Risks & Responsibilities: The Complexities of Enabling Safety & Harm Reduction at Music Festivals
Date
2022-04-06
Journal Title
Journal ISSN
Volume Title
Publisher
ORCID
0000-0001-5580-7803
Type
Thesis
Degree Level
Masters
Abstract
The purpose of this thesis is to examine the risks and subsequent harm reduction strategies that occur at music festivals with a focus on Western Canada. Music festivals are liminal spaces that form temporary communities in bounded locations, and as such are sites that see decreased inhibitions and increased risks.
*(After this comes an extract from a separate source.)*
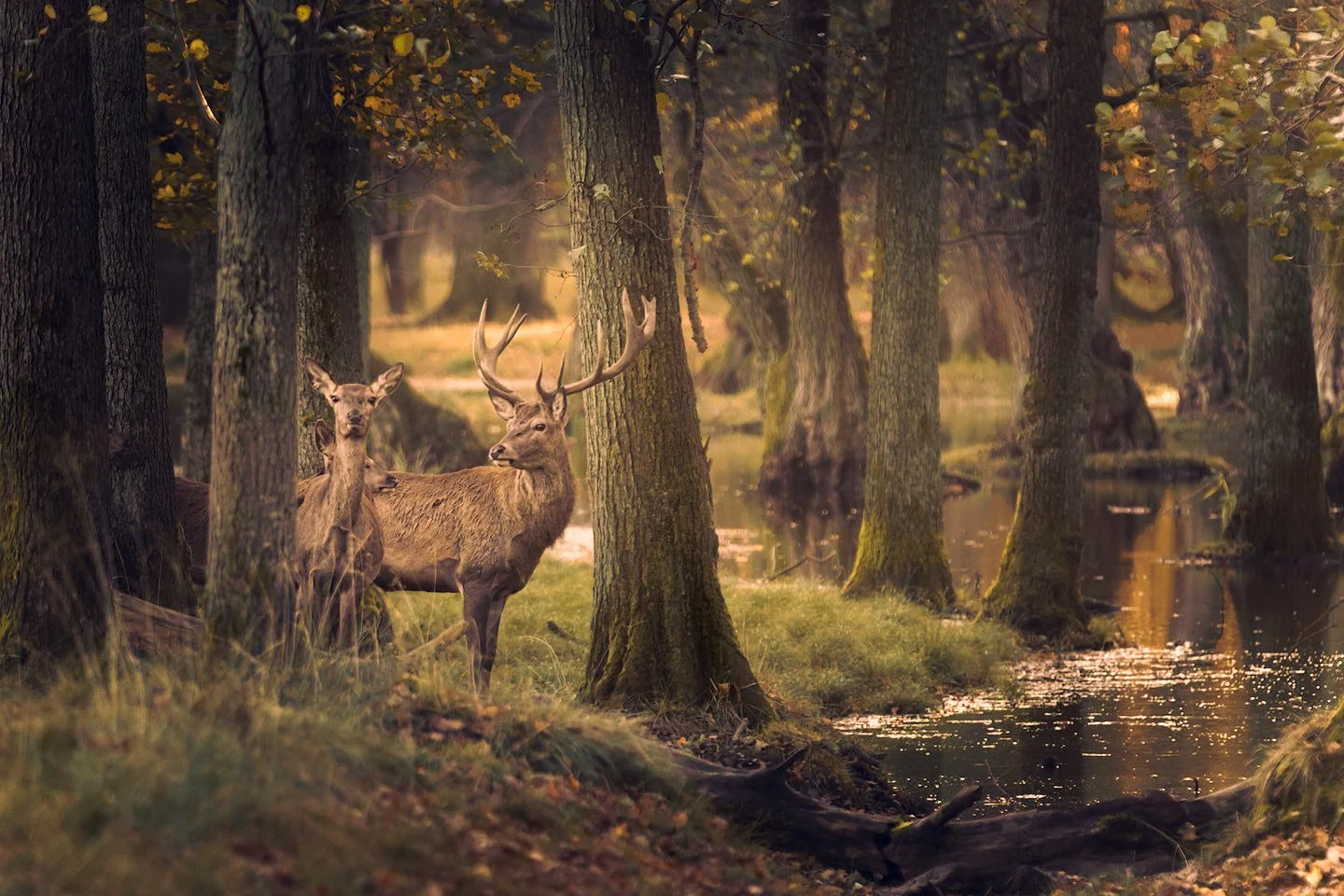 Red deer (Cervus elaphus)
Using critical-interpretive medical anthropology as the framework, these risks are analyzed and grouped based on their impact − risks to the individual body, physically and mentally, and risks to the community as a whole. Instead of looking at each risk in isolation, a holistic approach in this context specifically is essential due to the interrelated and compounding nature of these potential harms. This framework also provides the basis for the second half of this thesis, which interrogates the entangled and often contradicting responsibilities at play for mitigating these risks.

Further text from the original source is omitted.